**WHAT YOU ARE ASKED TO DO**. Lines from the one containing "COPPIA DI DIPINTI" through the end of the listing are what is wanted, given again exactly with both ends included and pictures left out.

**MATERIAL SUPPLIED**.
--------

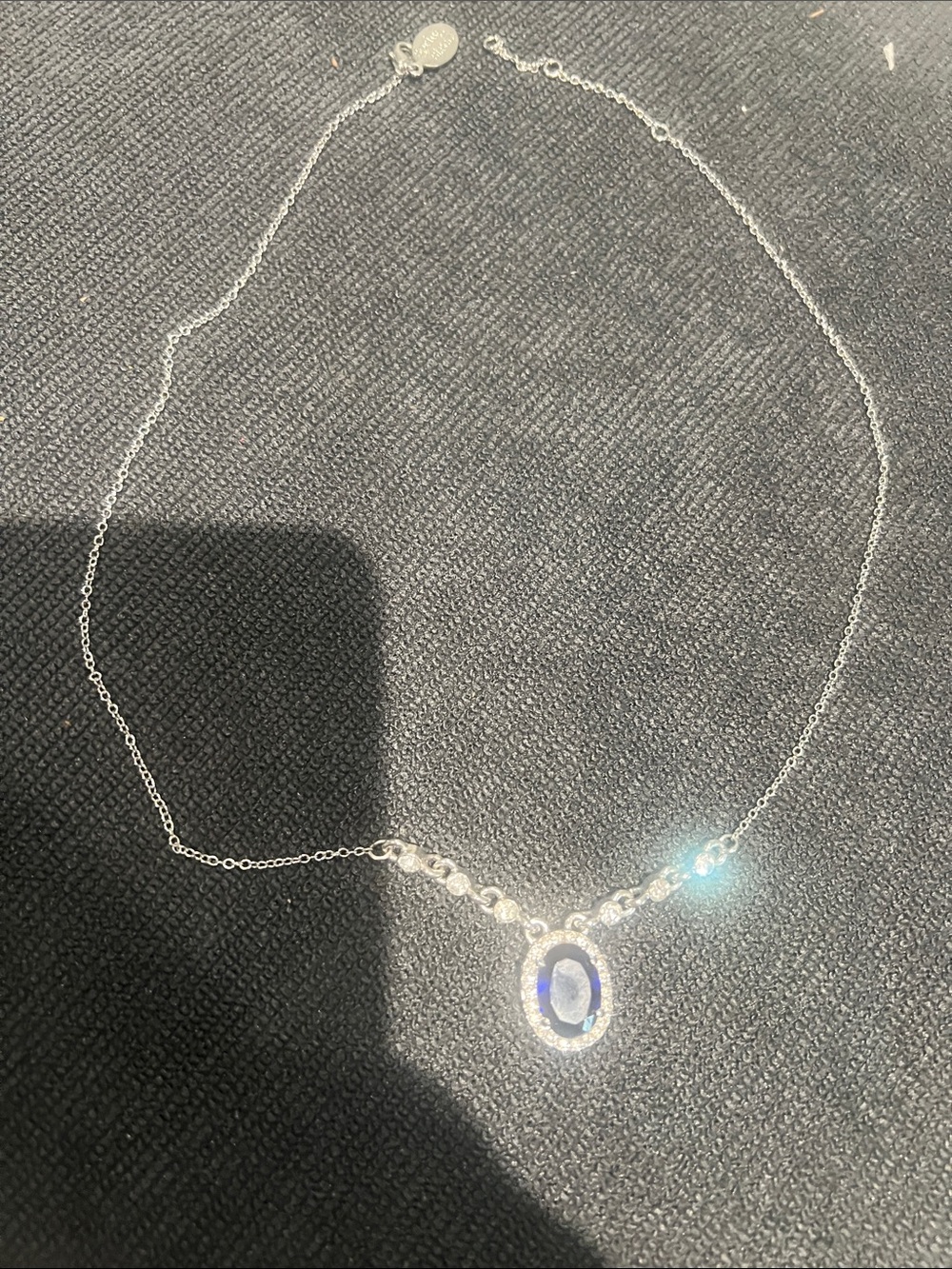 Spring Street Silver Necklace with Blue Oval Pendant
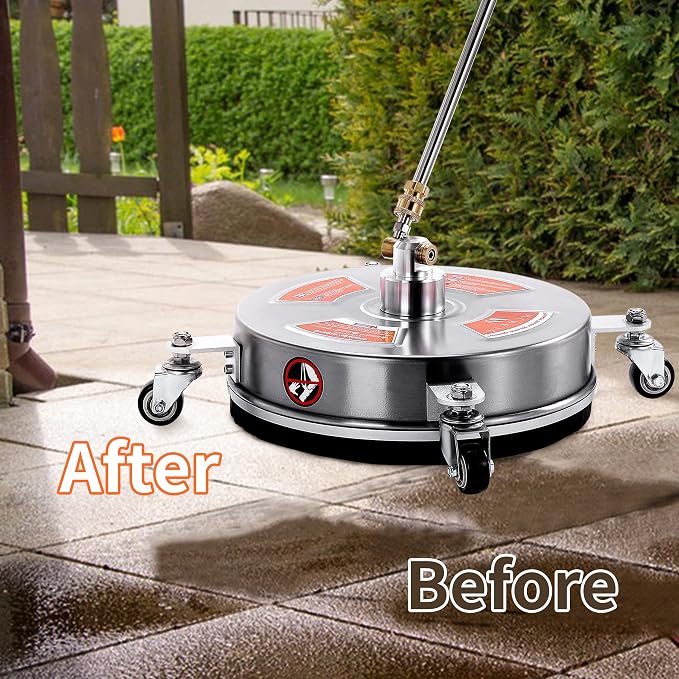 M MINGLE 14'' Pressure Washer Surface Cleaner Attachment, 4000 PSI | Driveway Power Washer Accessory with 2 Extension Wands, 1/4" Quick Connect, Ideal for Cleaning Driveways and Sidewalks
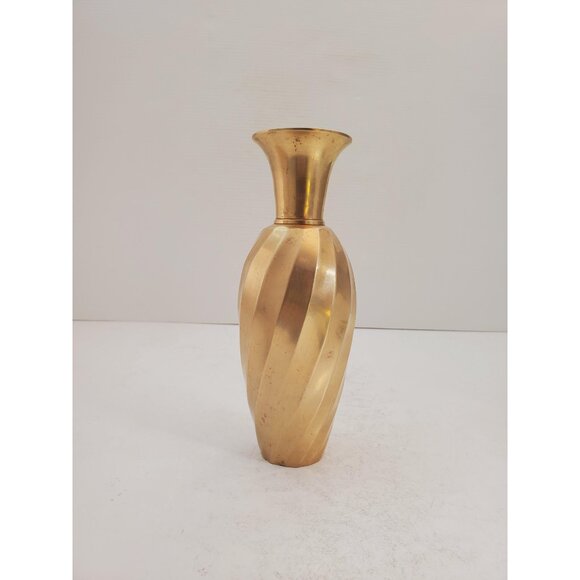 Vintage Indian Solid Brass Swirl Vase | Polished - Picture 1 of 10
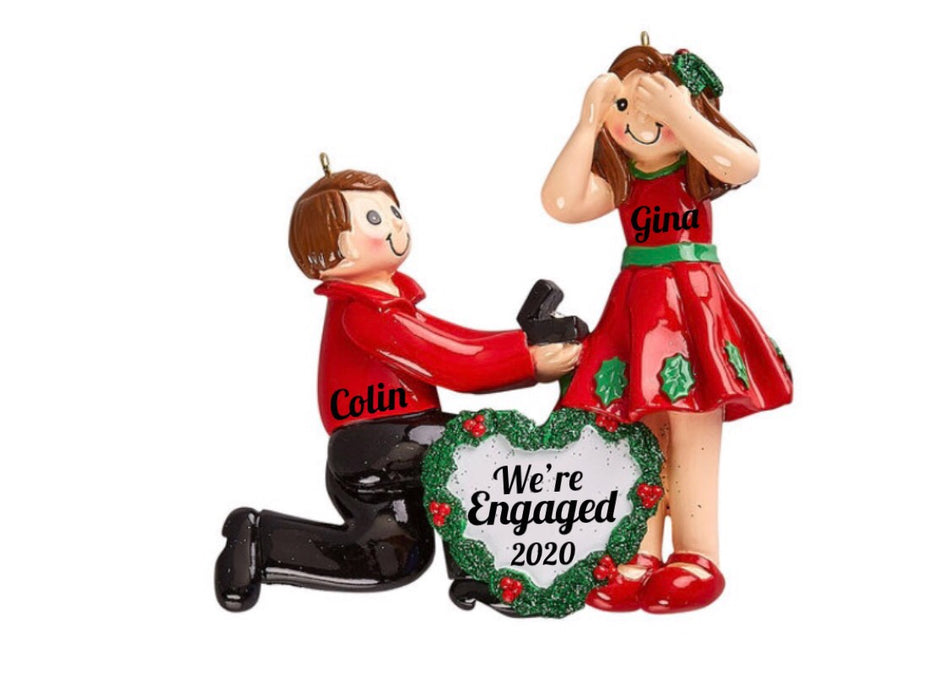 Surprise Engagement Personalized Christmas Ornament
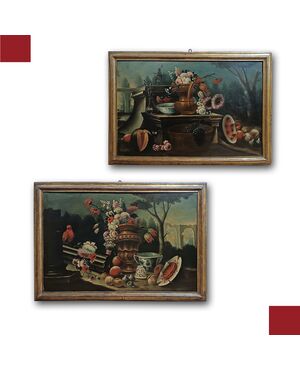 COPPIA DI DIPINTI CON NATURE MORTE FINE XVII SECOLO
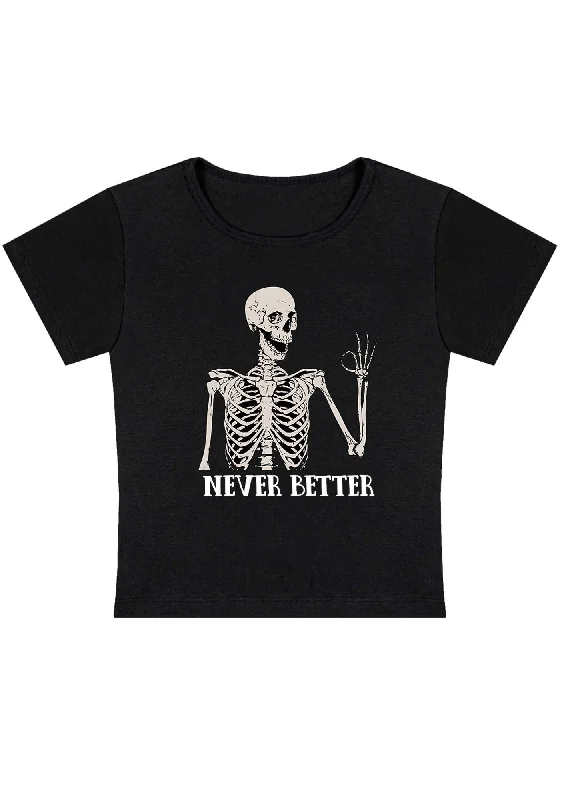 Halloween Skeletons Never Better Y2K Baby Tee Bohemian Women's Free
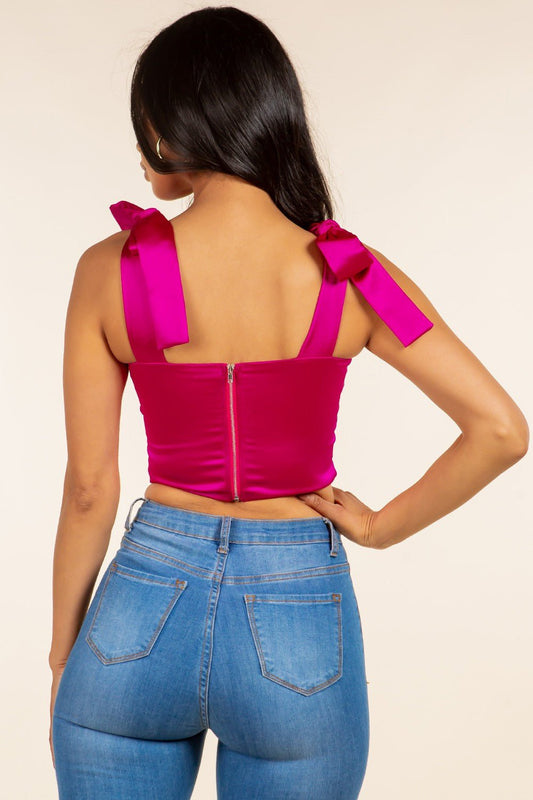Maxine Satin Crop Top With Tie Shoulder Straps – Elegant Bustier Design for Any Occasion - M Crop Top for women Vacation Outfits Birthday Dresses Going Out Looks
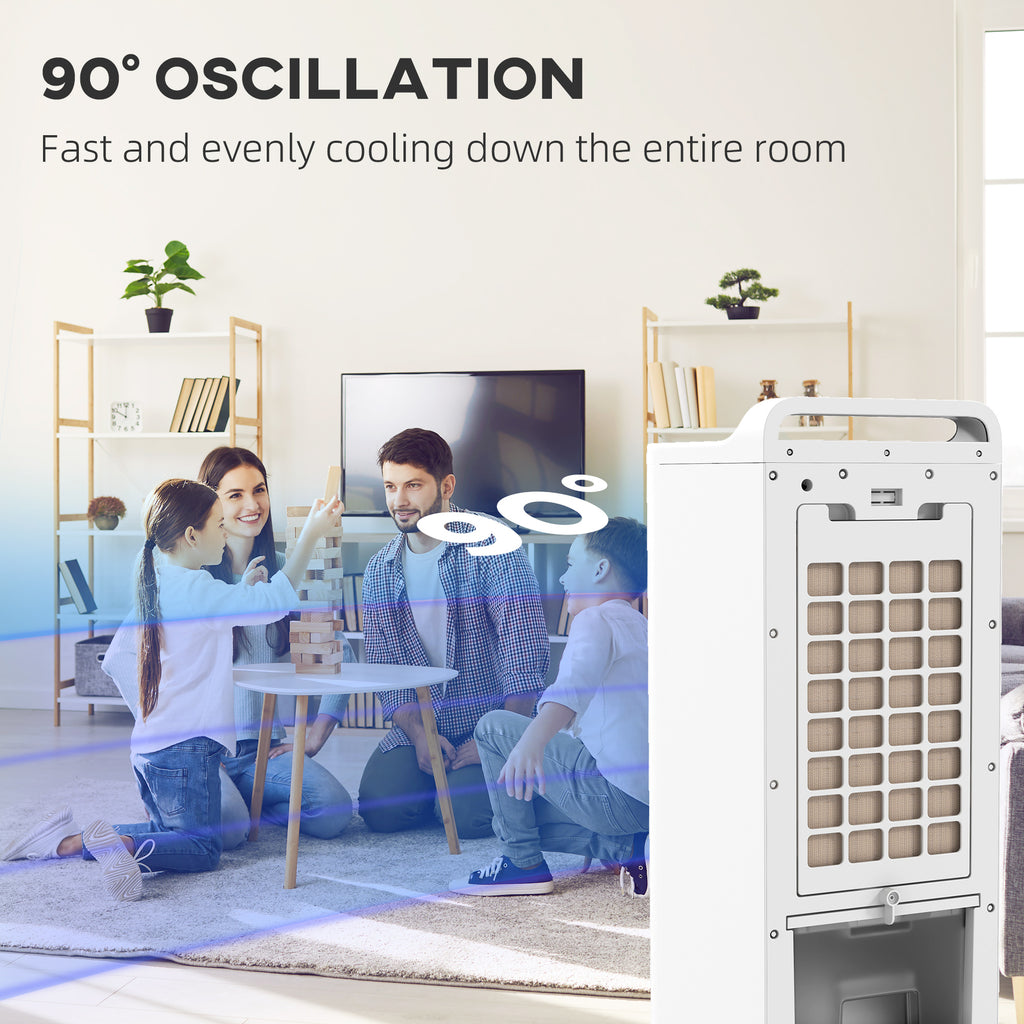Room Air Cooler with Ice Packs, Ice Cooling Fan Water Humidifier Unit with Remote, Timer, Oscillating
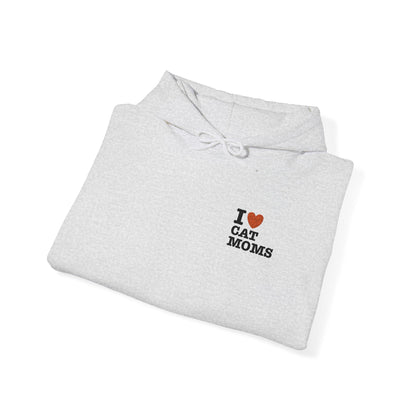 I Love Cat Moms Hoodie – Embroidered Text Pullover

--------

**RESULT**.
 COPPIA DI DIPINTI CON NATURE MORTE FINE XVII SECOLO
 Halloween Skeletons Never Better Y2K Baby Tee Bohemian Women's Free
Maxine Satin Crop Top With Tie Shoulder Straps – Elegant Bustier Design for Any Occasion - M Crop Top for women Vacation Outfits Birthday Dresses Going Out Looks
Room Air Cooler with Ice Packs, Ice Cooling Fan Water Humidifier Unit with Remote, Timer, Oscillating
 I Love Cat Moms Hoodie – Embroidered Text Pullover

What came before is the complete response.